In der Autorenszene hat Papyrus Autor schon vor der Veröffentlichung Aufsehen erregt: Der Bestseller-Autor Andreas Eschbach hat auf seiner Webseite eine Ode an die neue Version der Textverarbeitung verfasst, die sich speziell an Schriftsteller und Autoren widmet. Auf seinen Erfahrungen beruht auch die Stilanalyse, die Wortdoppelungen, schwachen Verben und Füllwörtern auf die Spur kommt. Im Interview erklärt Andreas Eschbach sein Verhältnis zum Mac, die Zusammenarbeit mit R.O.M und gibt jungen Autoren einen Rat mit auf den Weg.

R.O.M. Logicware aus Berlin dürfte manchem Atari-Veteran noch ein Begriff sein: Die Software Papyrus konnte schon auf der untergegangenen Plattform ein treues Publikum für sich gewinnen, vor allem wegen pfiffiger Funktionen: So lassen sich zum Beispiel schon seit der Atari-Version mehrere Textblöcke mit gedrückter Shift-Taste gleichzeitig auswählen, die Software kontrolliert die Leerzeichen – zwei sind eins zu viel. Nach der reinen Textverarbeitung ergänzte der Hersteller die Software um Datenbank- und Tabellenfunktionen. Gegenüber anderen Produkten kann Papyrus seit einiger Zeit vor allem mit der Rechtschreibprüfung punkten, die der Duden Korrektor übernimmt. Ideale Voraussetzung für ein neues Produkt.

Papyrus Autor: Eine Frage des Stils

An Schriftsteller, Autoren und Journalisten wendet sich R.O.M Logicware mit der Software Papyrus Autor, die vor allem mit einer neuen Stilüberprüfung Schreibende unterstützen will. Sie basiert auf den Vorschlägen von Andreas Eschbach, der einen 10-Punkte-TÜV für Autoren entwickelt hat: Passivkonstruktionen und Wortdoppelungen gehören ebenso auf die Liste der Stil-Unreinheiten wie schwache Verben, Füll- oder Blähwörter und zu lange Sätze. Glücklicherweise kann der Autor selbst einstellen, wie empfindlich diese Überprüfung sein soll. Im Support-Dokument betont der Hersteller aber auch, dass man sich nicht allzu sklavisch an die Stilüberprüfung halten solle – sie sei nur eine Hilfe. Ein Test kann dieses Urteil unterstreichen, selbst wenn man wie Hemingway und Gertrude Stein Wortdoppelungen als Stilement einsetzen sollte. Rigoros angewendet sieht zumindest der Autor dieses Artikels die Gefahr, dass am Ende leblose, nach Creative Writing-Muster glatt gebügelte Texte entstehen könnten.

Vom Klemmbrett bis zur Mumifizierung

Zettels Traum lässt grüßen: Notizzettel sind für viele Schriftsteller eine unverzichtbare Organisationshilfe – der Text stellt im Idealfall nur die sichtbare Spitze eines Eisberges dar, manche Autoren skizzieren ganze Lebensgeschichten selbst ihrer Nebenfiguren. Bei der Überarbeitung hilft die Mumifizierung von Texten: Anstatt eine Passage für immer und ewig zu löschen, lässt sie sich mumifizieren und verschwindet – und ist wieder da, wenn man sie doch wieder haben will. Ein durch eigene Vorschläge ergänzbarer Thesaurus gehört ebenfalls in die Liste nicht ganz alltäglicher Funktionen.

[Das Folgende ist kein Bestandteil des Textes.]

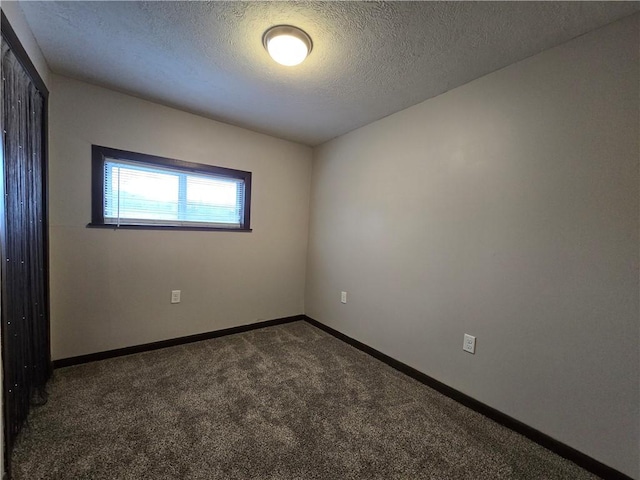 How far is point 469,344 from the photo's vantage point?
6.20ft

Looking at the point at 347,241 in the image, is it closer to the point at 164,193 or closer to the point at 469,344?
the point at 469,344

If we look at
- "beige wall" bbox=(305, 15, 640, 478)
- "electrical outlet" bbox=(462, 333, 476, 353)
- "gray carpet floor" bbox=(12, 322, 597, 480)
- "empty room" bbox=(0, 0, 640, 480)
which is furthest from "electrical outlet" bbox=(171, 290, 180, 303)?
"electrical outlet" bbox=(462, 333, 476, 353)

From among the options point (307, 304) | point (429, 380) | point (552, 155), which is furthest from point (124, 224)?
point (552, 155)

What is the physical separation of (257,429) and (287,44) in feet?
7.30

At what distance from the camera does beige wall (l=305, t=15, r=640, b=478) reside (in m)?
1.32

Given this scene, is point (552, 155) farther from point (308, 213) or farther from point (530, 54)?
point (308, 213)

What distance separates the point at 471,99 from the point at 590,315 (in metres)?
1.53

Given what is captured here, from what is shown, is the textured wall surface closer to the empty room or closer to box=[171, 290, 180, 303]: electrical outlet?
the empty room

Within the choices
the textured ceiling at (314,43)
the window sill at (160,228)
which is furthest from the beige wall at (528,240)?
the window sill at (160,228)

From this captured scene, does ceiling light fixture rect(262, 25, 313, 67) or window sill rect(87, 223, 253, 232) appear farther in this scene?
window sill rect(87, 223, 253, 232)

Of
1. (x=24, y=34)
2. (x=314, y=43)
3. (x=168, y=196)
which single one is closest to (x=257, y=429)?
(x=168, y=196)

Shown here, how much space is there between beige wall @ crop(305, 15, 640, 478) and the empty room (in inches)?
0.4

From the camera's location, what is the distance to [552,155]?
5.03ft

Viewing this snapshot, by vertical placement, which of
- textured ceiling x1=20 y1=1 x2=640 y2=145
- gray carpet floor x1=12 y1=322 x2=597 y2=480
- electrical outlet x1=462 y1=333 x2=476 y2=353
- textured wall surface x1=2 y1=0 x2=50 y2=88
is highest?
textured ceiling x1=20 y1=1 x2=640 y2=145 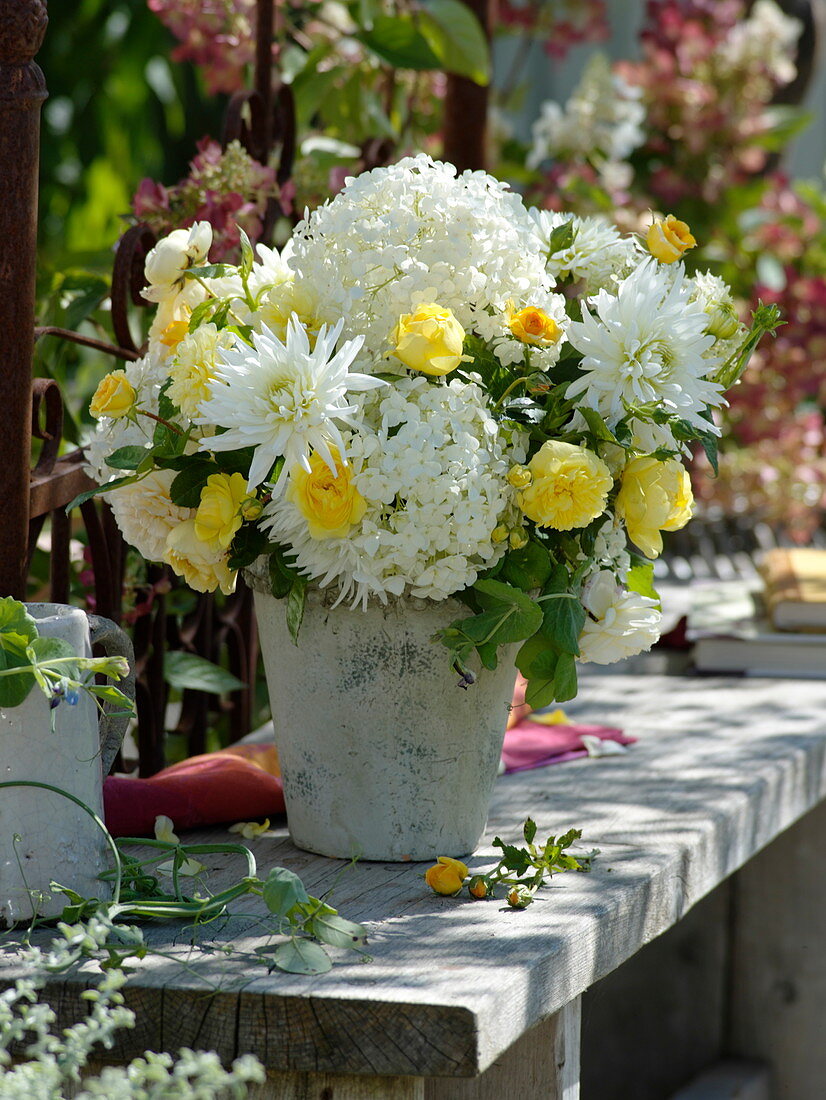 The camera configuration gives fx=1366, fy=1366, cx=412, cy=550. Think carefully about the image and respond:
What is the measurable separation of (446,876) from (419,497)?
30cm

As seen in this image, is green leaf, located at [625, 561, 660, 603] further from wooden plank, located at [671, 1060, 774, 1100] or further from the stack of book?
wooden plank, located at [671, 1060, 774, 1100]

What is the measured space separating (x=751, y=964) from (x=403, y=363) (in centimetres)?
148

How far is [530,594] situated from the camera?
3.47ft

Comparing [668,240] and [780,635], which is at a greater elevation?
[668,240]

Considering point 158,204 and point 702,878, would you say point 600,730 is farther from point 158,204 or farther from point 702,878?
point 158,204

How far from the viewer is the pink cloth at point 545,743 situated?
4.85 ft

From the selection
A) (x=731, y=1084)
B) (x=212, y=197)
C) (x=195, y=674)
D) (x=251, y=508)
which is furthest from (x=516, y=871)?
(x=731, y=1084)

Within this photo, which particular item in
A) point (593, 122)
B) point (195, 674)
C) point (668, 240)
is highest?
point (593, 122)

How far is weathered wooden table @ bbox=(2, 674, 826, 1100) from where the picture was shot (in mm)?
844

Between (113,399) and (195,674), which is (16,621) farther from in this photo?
(195,674)

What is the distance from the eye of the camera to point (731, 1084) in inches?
79.8

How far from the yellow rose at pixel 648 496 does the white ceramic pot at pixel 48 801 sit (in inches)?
16.2

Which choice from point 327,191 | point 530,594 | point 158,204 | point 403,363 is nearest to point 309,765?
point 530,594

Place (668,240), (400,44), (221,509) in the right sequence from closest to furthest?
(221,509) → (668,240) → (400,44)
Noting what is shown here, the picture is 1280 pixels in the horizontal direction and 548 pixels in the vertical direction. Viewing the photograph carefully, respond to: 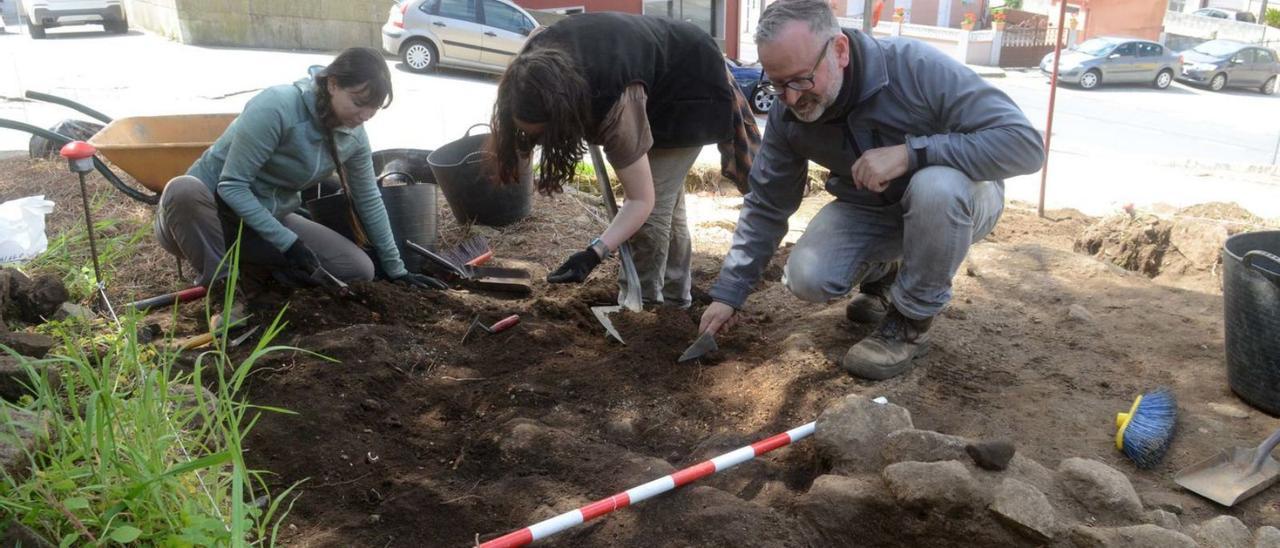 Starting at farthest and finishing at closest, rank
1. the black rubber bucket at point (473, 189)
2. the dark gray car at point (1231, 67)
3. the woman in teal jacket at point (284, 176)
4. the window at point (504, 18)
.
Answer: the dark gray car at point (1231, 67) < the window at point (504, 18) < the black rubber bucket at point (473, 189) < the woman in teal jacket at point (284, 176)

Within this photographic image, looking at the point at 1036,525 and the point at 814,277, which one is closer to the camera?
the point at 1036,525

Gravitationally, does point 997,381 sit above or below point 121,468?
below

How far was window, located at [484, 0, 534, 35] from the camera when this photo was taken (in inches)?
510

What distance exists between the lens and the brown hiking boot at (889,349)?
8.77 feet

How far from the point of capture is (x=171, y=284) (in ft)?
11.9

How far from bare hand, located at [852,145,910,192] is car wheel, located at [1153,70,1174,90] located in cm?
1985

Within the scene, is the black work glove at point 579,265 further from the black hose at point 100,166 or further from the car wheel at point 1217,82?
the car wheel at point 1217,82

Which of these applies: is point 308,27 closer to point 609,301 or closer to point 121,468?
point 609,301

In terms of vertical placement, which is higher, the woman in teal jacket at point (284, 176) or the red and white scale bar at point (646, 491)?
Answer: the woman in teal jacket at point (284, 176)

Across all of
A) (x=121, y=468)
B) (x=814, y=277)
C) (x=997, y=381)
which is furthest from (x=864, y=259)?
(x=121, y=468)

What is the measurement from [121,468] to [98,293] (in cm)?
216

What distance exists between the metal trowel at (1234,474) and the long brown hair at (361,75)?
2.59 meters

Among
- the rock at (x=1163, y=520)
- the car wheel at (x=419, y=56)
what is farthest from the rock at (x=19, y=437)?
the car wheel at (x=419, y=56)

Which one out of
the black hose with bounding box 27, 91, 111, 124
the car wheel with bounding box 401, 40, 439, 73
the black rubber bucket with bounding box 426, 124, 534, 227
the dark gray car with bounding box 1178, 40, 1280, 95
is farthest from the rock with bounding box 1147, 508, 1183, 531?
the dark gray car with bounding box 1178, 40, 1280, 95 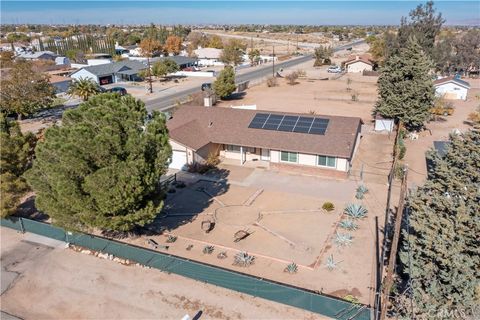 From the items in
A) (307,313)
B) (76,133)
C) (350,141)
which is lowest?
(307,313)

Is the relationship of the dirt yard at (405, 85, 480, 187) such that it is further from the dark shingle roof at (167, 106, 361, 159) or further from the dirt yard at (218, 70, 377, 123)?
the dirt yard at (218, 70, 377, 123)

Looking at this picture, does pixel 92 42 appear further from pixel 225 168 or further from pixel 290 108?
pixel 225 168

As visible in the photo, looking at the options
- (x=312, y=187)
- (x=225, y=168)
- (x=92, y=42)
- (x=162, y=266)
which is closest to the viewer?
(x=162, y=266)

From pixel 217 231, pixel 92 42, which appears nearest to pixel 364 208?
pixel 217 231

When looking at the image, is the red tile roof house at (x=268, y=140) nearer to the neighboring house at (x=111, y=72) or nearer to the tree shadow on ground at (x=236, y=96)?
the tree shadow on ground at (x=236, y=96)

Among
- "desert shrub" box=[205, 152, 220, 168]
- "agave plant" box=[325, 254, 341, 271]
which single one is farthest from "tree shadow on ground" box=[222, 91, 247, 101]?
"agave plant" box=[325, 254, 341, 271]

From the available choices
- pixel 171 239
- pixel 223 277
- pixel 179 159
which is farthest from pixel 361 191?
pixel 179 159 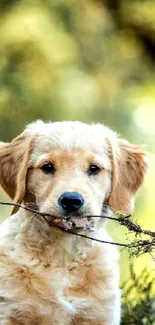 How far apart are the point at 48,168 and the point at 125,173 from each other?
0.54 metres

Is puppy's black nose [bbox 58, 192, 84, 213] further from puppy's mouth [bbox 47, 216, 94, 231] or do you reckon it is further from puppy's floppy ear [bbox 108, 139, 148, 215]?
puppy's floppy ear [bbox 108, 139, 148, 215]

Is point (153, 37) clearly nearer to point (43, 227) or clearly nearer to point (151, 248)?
point (43, 227)

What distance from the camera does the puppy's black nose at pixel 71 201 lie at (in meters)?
5.29

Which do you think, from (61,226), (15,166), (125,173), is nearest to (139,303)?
(125,173)

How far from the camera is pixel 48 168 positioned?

Papyrus Autor kostet inklusive Duden Korrektor 149 Euro und setzt Mac OS X 10.3 und höher voraus. Eine Demoversion ist auf der Herstellerseite erhältlich.

Interview mit Andreas Eschbach

R.O.M Logicware hat wie beschrieben eng mit Andreas Eschbach zusammen gearbeitet. macnews.de hat sich deshalb die Gelegenheit nicht nehmen lassen, einige Fragen an den Autor zu stellen – über Papyrus, den Mac und das Schreiben.

 

macnews.de: Sie sind erst vor kurzer Zeit von PC auf den Mac umgestiegen. Wie sind Ihre Erfahrungen und erste Eindrücke?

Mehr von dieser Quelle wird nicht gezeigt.